The conclusion is that IMS is best deployed offering additional features to existing voice and messaging services. The accusation that IMS is technology pull can be answered if its scope is limited to existing successful products (voice and SMS), and their evolution. Some attendees were confused by RedKnee's pitch, which focused on identity and profile (accessed via a service architecture) rather than session control. Perhaps RedKnee and their customers are hinting that the value lies somewhere other than a "control plane" which no longer offers competitive advantage in the mass market? Or, indeed, that identity services are the new control plane?
The industry seems to lack a clear insight as to what the user needs are, or a philosophical compass that will help understand why certain services are successful.
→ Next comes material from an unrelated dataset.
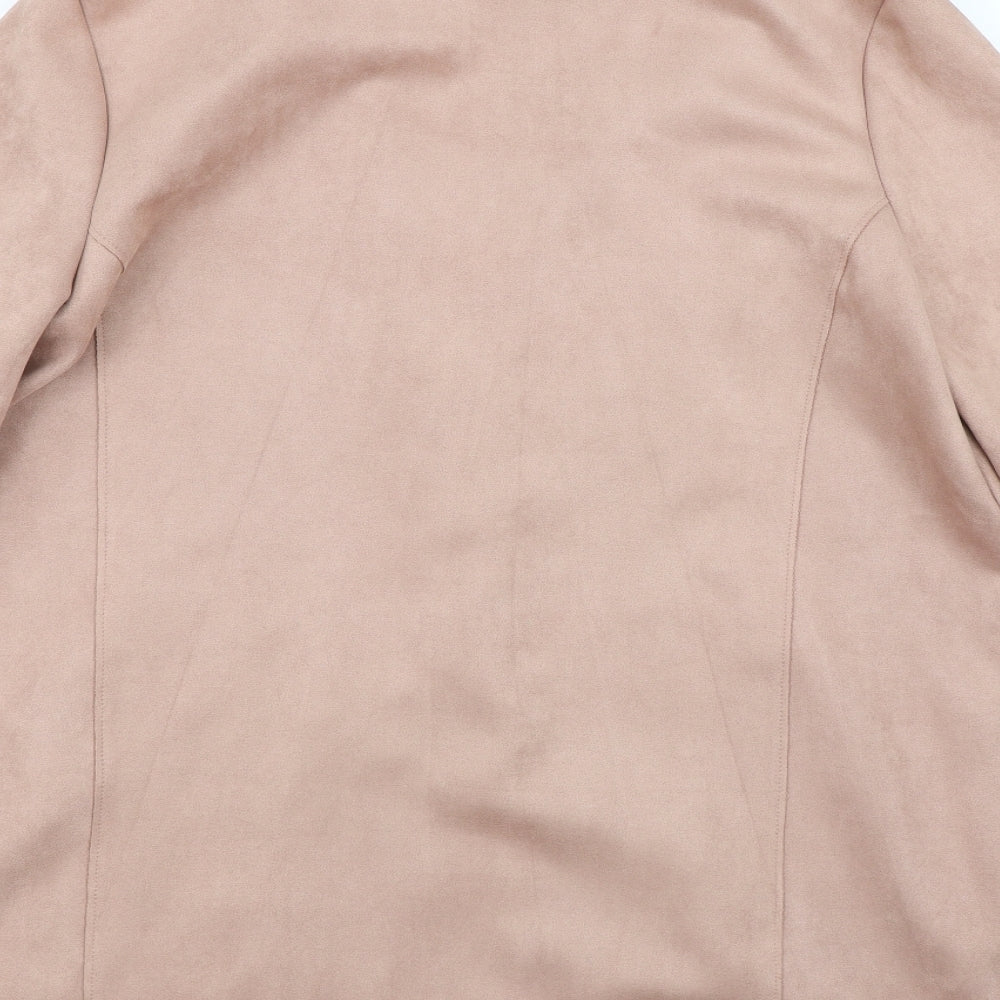 TU Womens Brown   Trench Coat Coat Size 16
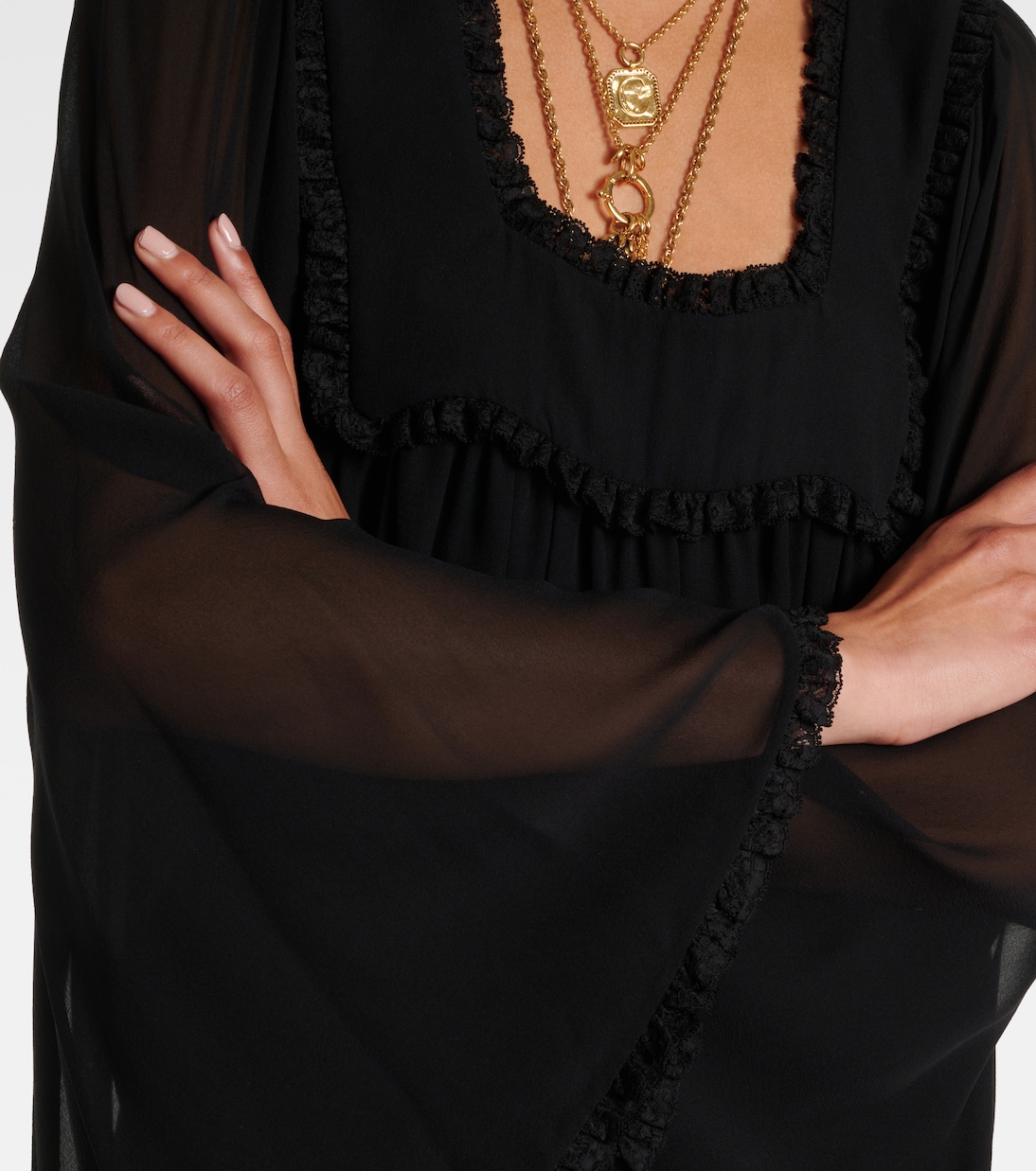 Robe en soie | Chloé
A good example of this is presence, which is normally part of an availability solution. The naive approach is that the fixed IM presence should translate straight to mobile. But if presence is really a sign of availability, and thus a signal of "I'm at my PC, not eating dinner or bathing the kids", there's no certainty that the model will translate to mobile. Instead, you would build a different availability model -- maybe a "request to call me" function instead.
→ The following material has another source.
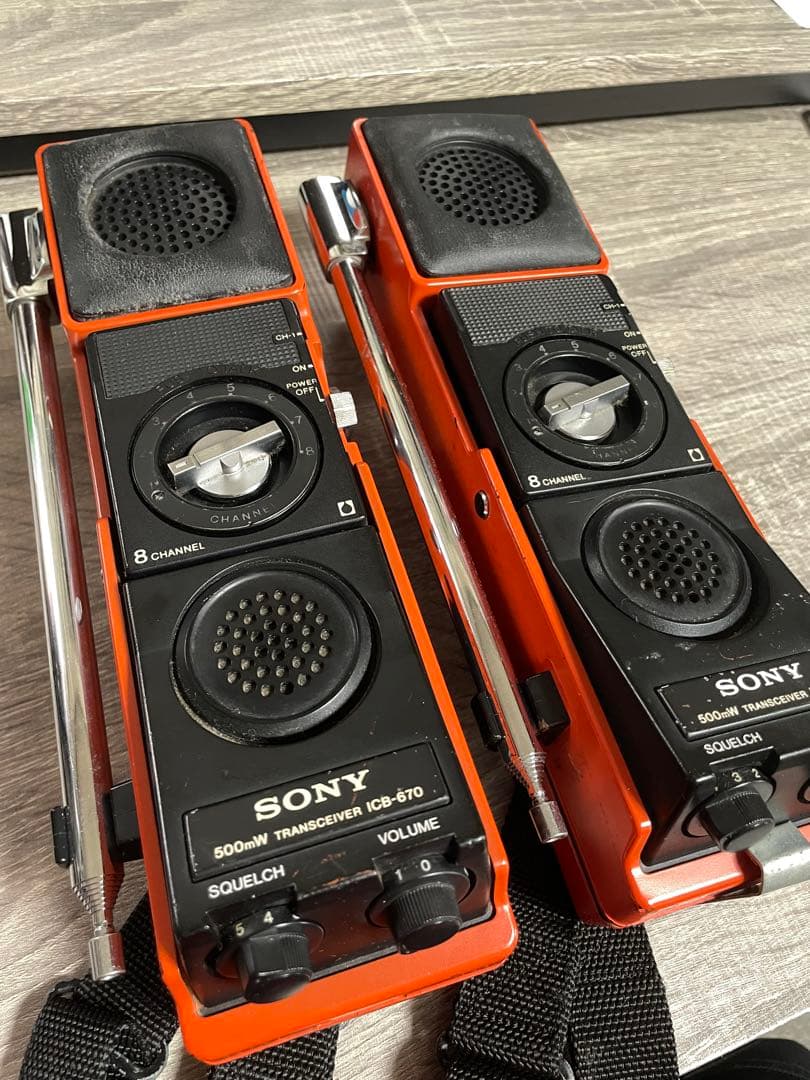 【正常起動‼️】SONY トランシーバー ICB-670／ 2機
A deeper concern, raised by Dr John Waclawsky, Chief Software Architect of Motorola, is that the real value is shifting from connecting people (which the Internet does very well too) to connecting personal devices (where the Internet is relatively weak). If my light switch wants to talk to my lightbulb, or my thermostat to my boiler, why does an ISP need to get involved? If he is right, IMS will arrive just in time to miss the next great wave of computing technology.
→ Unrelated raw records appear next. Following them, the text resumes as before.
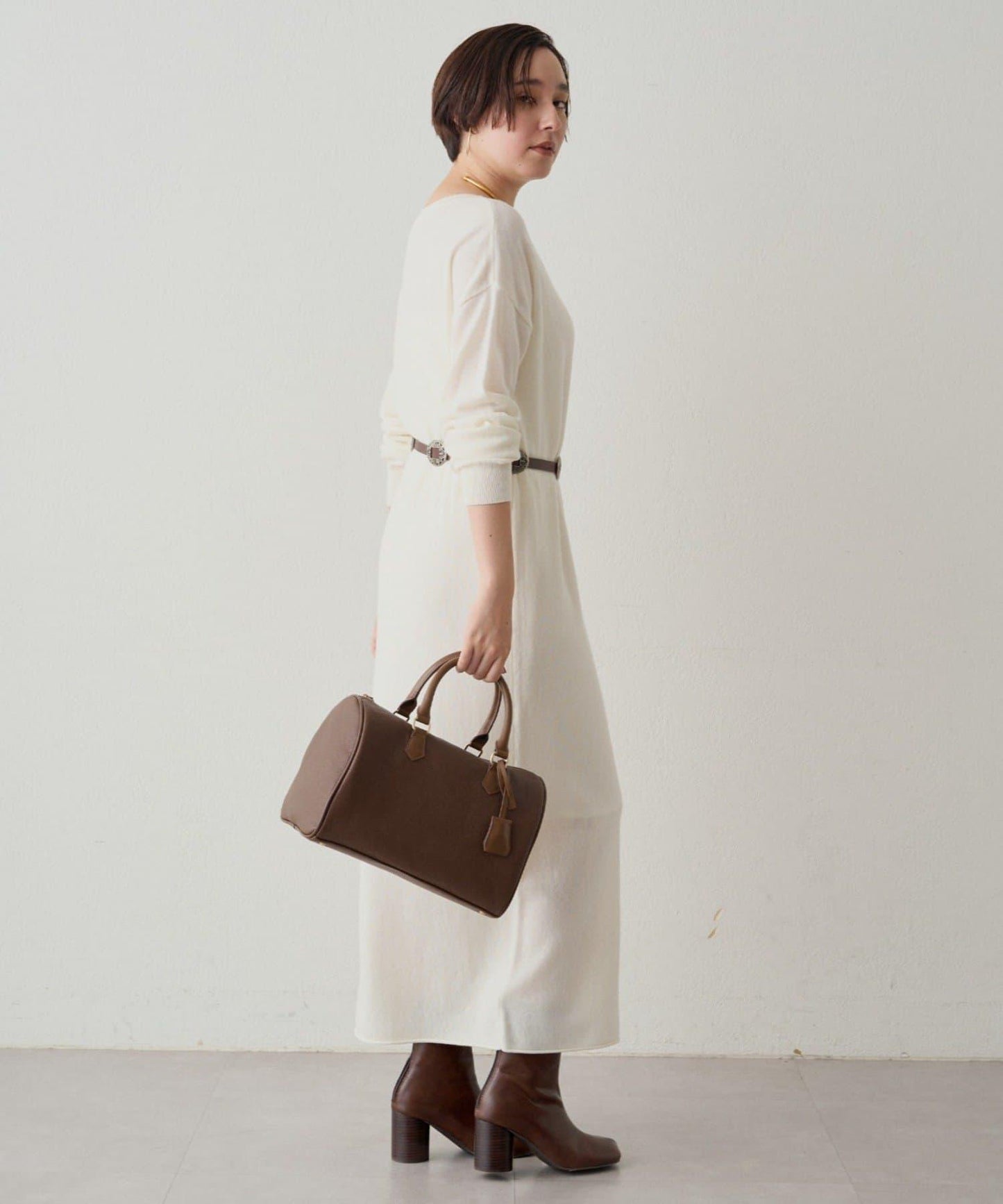 【Loungedress】羊毛羊絨針織連衣裙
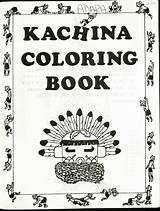 1986 Kachina Coloring sketch template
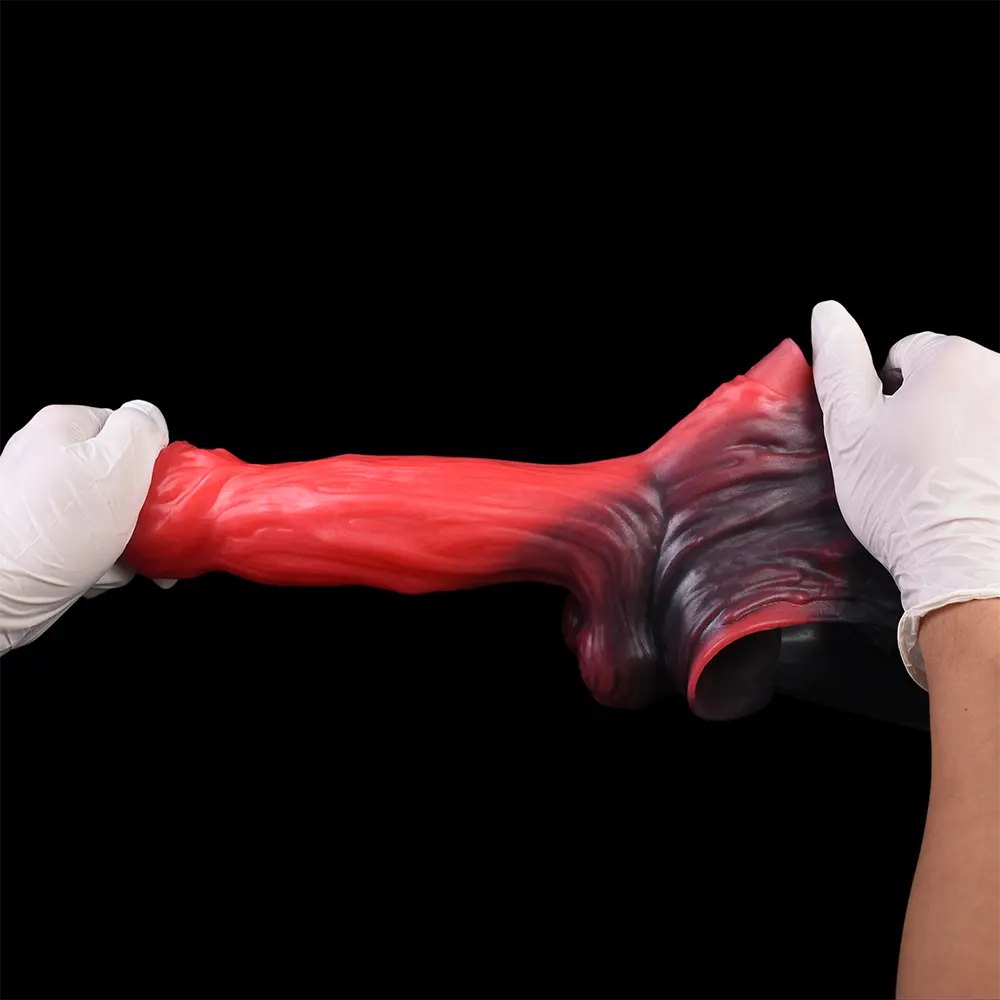 Red and black hollow silicone sheath, photo 11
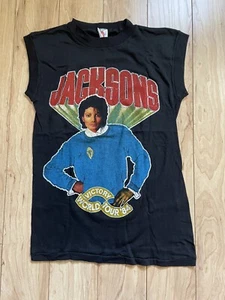 Vintage Micheal Jackson Jackson 5 Victory worked tour 1980s Tshirt Shirt - Picture 1 of 7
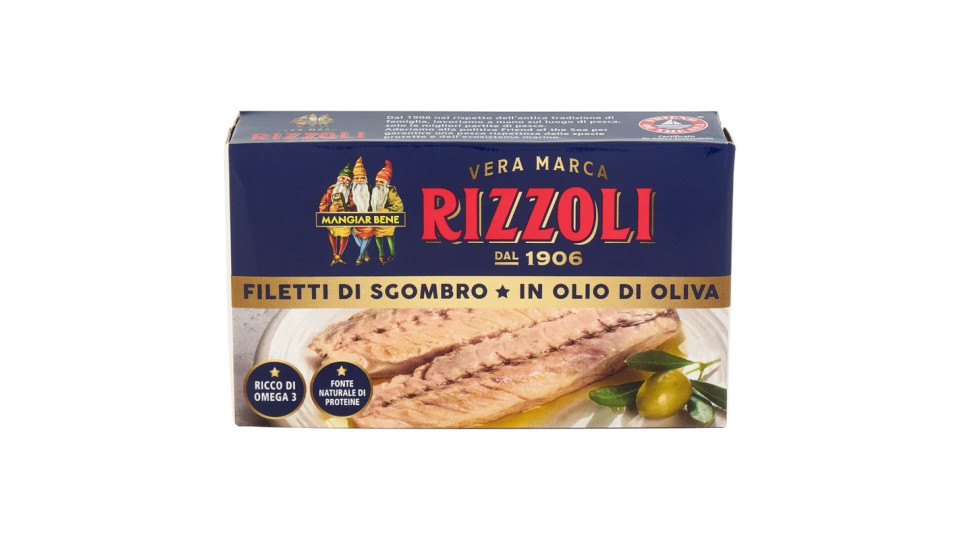 Rizzoli Filetti di sgombro in olio d'oliva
IMS standards are already fragmented, with different initiatives coming from the fixed and mobile worlds, as well as specific vendors and customers pressing ahead with partial implementations to solve immediate problems. The situation on handsets is cause for concern. The network may be ready, but it takes time to penetrate the handset base and software configuration management of an unproven technology is hard. How will carriers manage handset software updates? What are the real advantages over "pure SIP", which is already widely deployed? What if the user is roaming onto their home broadband connection and QoS guarantees no longer apply?
There is considerable uncertainty and disagreement as to what the role of IMS is in the Enterprise market (if any). The vendors are pushing this as a possibility; members of the audience were pushing back equally hard.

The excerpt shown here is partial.